Murray Gunn addresses what is one of the most difficult problems, if not the most difficult, for traders—how to know when a rangebound market is about to become a trending market and when a trending market is about to become rangebound. Trading Regime Analysis: The Probability of Volatility (Wiley, 2009) is an almost avuncular approach to this problem. That is, imagine sitting down with your favorite uncle as he tells tales—some engrossing, some humorous, some familiar—and then offers words of wisdom, making sure you understand that these words are written not in stone but in sand. He also confides that your aunt sees otherwise. And, oh yes, your uncle is a Scotsman and a currency investment manager.
Gunn assumes that we know trends and rangebound markets when we see them (at least once they’re reasonably well established) and that we don’t need precise definitions. Moreover, he assumes that we have decent strategies for trading each kind of market. The problem is how to know when these trading regimes are shifting and hence when to start shifting strategies. Although Gunn acknowledges that a great deal of quantitative research has been done in this area and even devotes a fascinating chapter to the work of the quants at RBS, he argues that technical analysis is not only up to the job but may even be better because it can not only identify the appearance of a shift but can anticipate the market’s direction.

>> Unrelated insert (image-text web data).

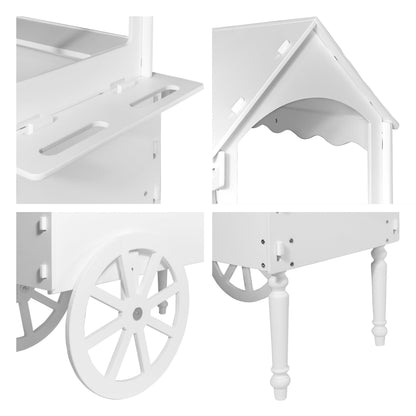 ZETY Candy Cart with Cake Stand & Wheels for Parties, Birthdays & Weddings – 68"H x 47"L x 22"W
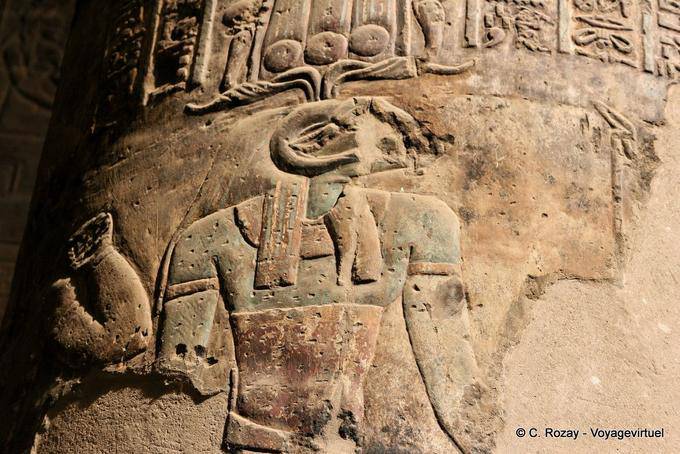 Polychrome column with a representation of Khnum, Esna Temple - Egypt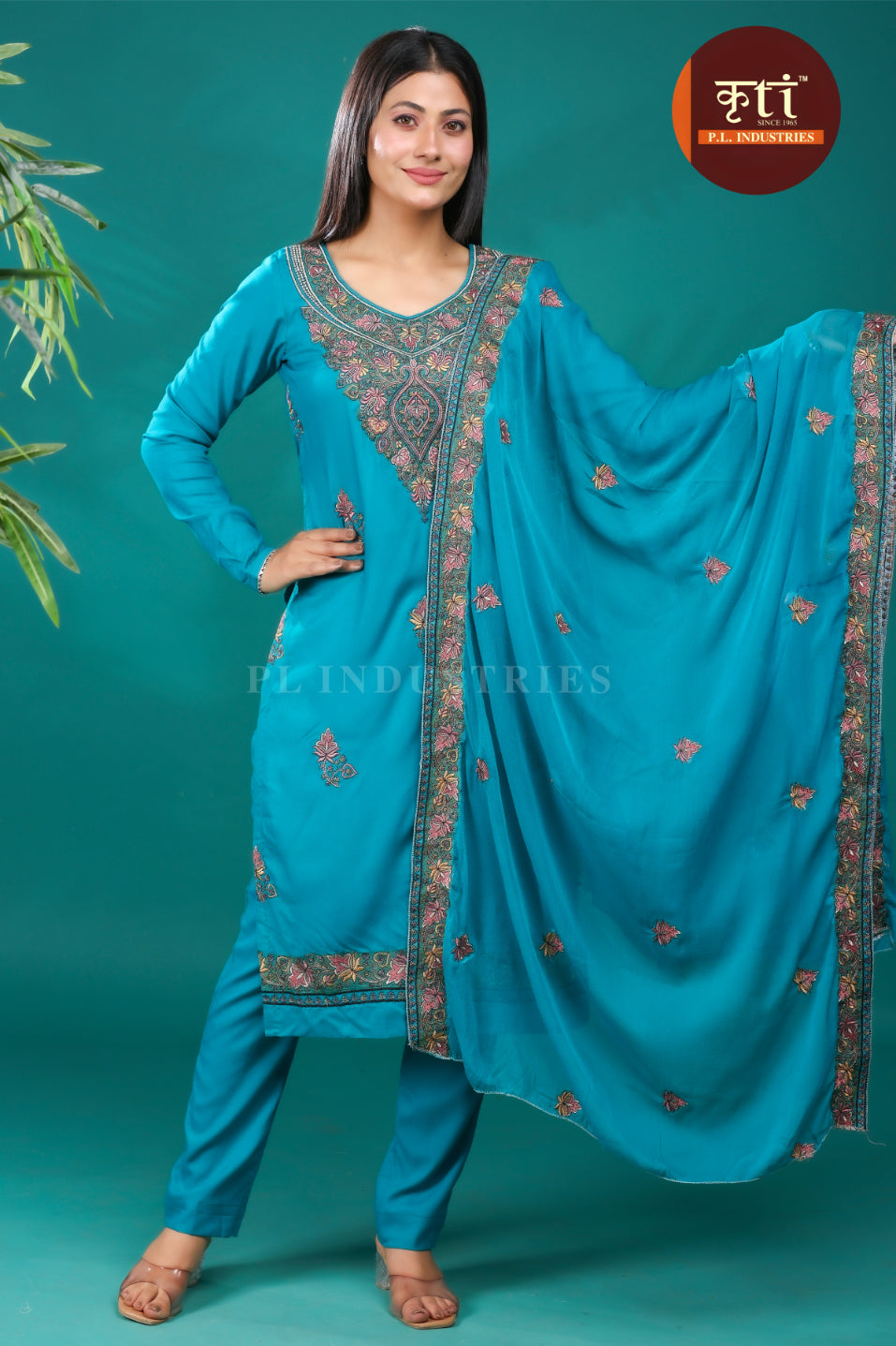 Kriti Timeless Blue Floral Unstitched Cotton Suit Set – 3-Piece with Top, Dupatta & Bottom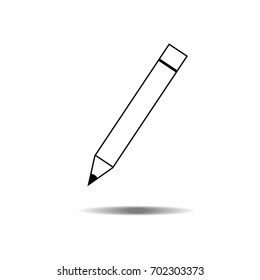 Pencil - vector icon in black with shadow on isolated white background. illustration EPS10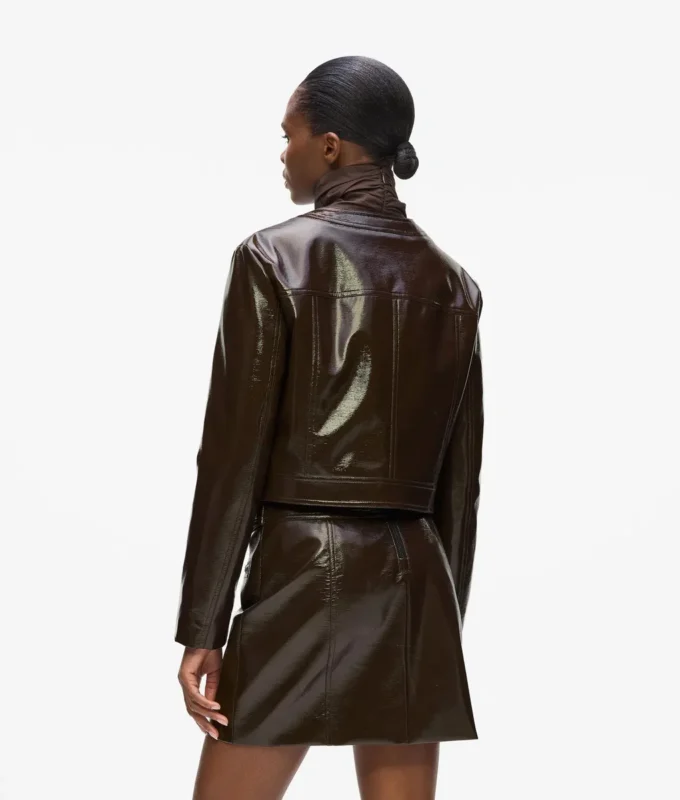 Jacke aus Kunstleder mit Glanzfinish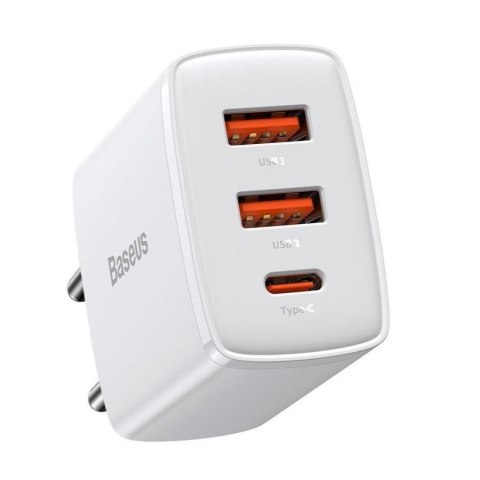Ładowarka sieciowa Baseus Compact CCXJ-E02 30W z dwoma gniazdami USB QC3.0 oraz USB-C PD 3.0 Ładowarka sieciowa Baseus Compact CCXJ-E02 30W z dwoma gniazdami USB QC3.0 oraz USB-C PD 3.0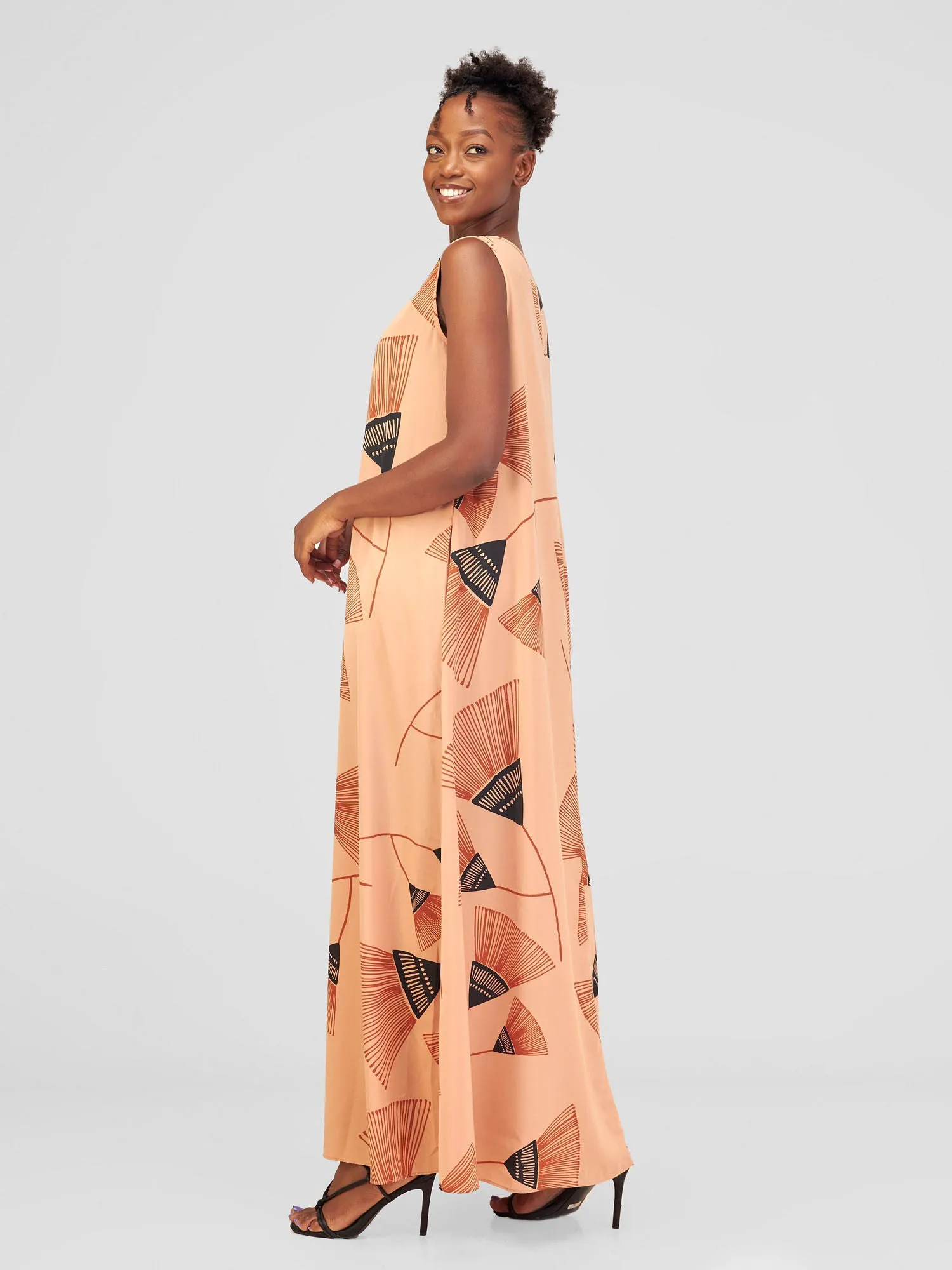 Vivo Basic Sleeveless Tent Maxi Dress - Tan / Black Fan Print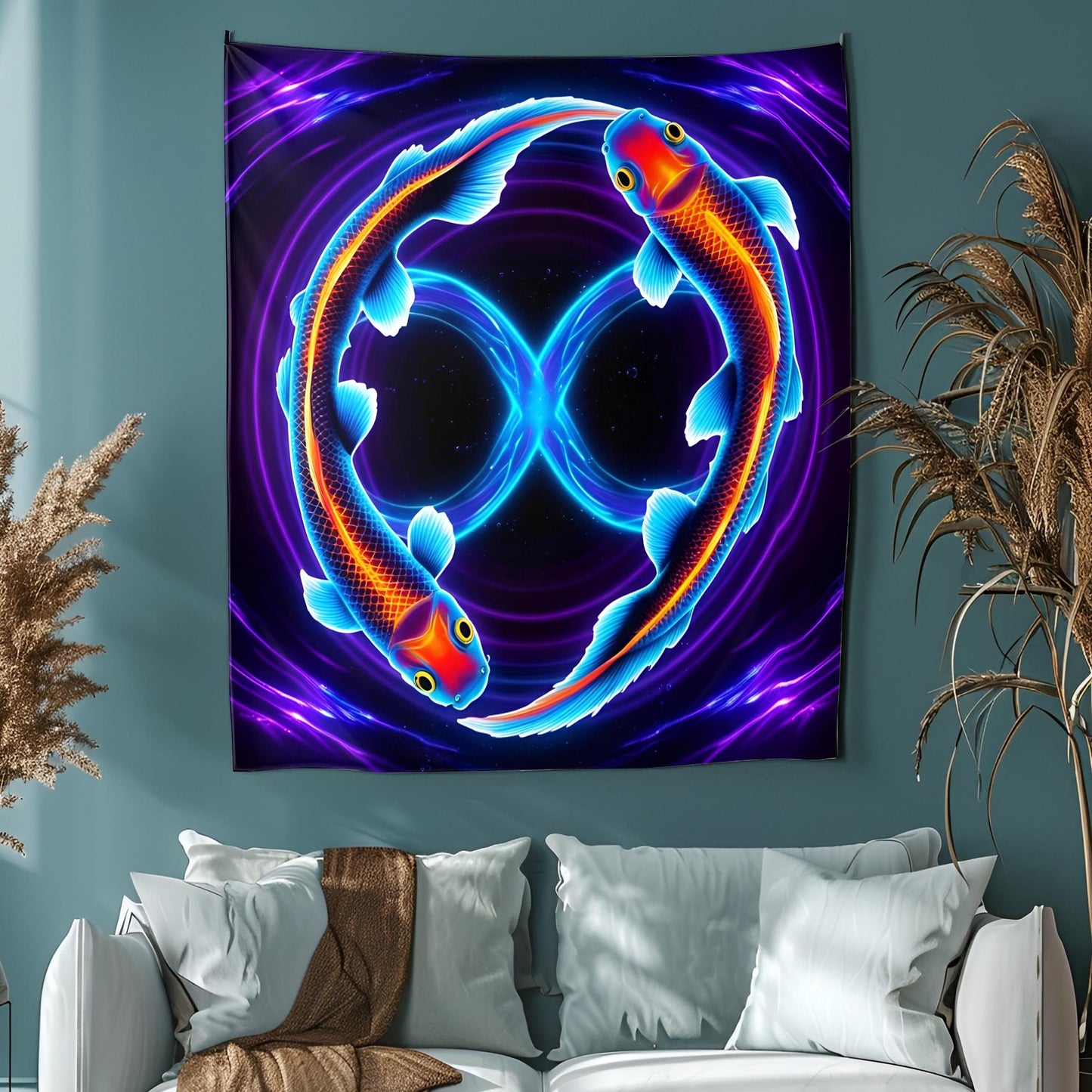 Neon Koi Fish Infinity Tapestry, Glowing Cosmic Water Ripples, Psychedelic Blue Purple Art, Mesmerizing Symbol of Balance & Energy Flow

Gunn’s primary tool is a simpler form of historical volatility. Historical volatility measures the standard deviation of the changes in price over a certain time period. By contrast, Gunn chooses to measure the standard deviation of prices themselves, the dispersion of market prices over a certain time period. “The speed of the changes in the price of a market is not as important as the distribution of those prices when we want to analyse the current trading regime and the potential future trading regime.” (p. 60) That is, he wants to look at the expansion and contraction of price ranges, not the rate of change in the prices. His indicator is similar to the Bollinger Band Width, though the latter describes the width of the standard deviation bands from a moving average rather than simply the standard deviation of the closing price itself. (Gunn then applies a moving average to the standard deviation and analyzes the width between the two.)
Gunn doesn’t follow up on this idea in a rigorous way; instead, he discusses various well-established technical indicators and charting techniques that can be part of a trading regime analysis. He admits that all of these work some of the time, that none works all of the time, but that by mixing and matching the trading regime analyst should be able to determine the change of regime quickly enough to capture the meat of a trending move and avoid being chopped to death when the market trades sideways. Gunn’s approach is eclectic and “soft.” He’s essentially searching for “a good feel.” As such, it’s somewhat frustrating. But then markets are frustrating as well and don’t succumb easily, if ever, to mathematical analysis. Or, as Gunn would say, in one of his favorite expressions, they do and they don’t. They yield a little here, a little there, but those darned traders and investors with all their quirks keep messing up the models.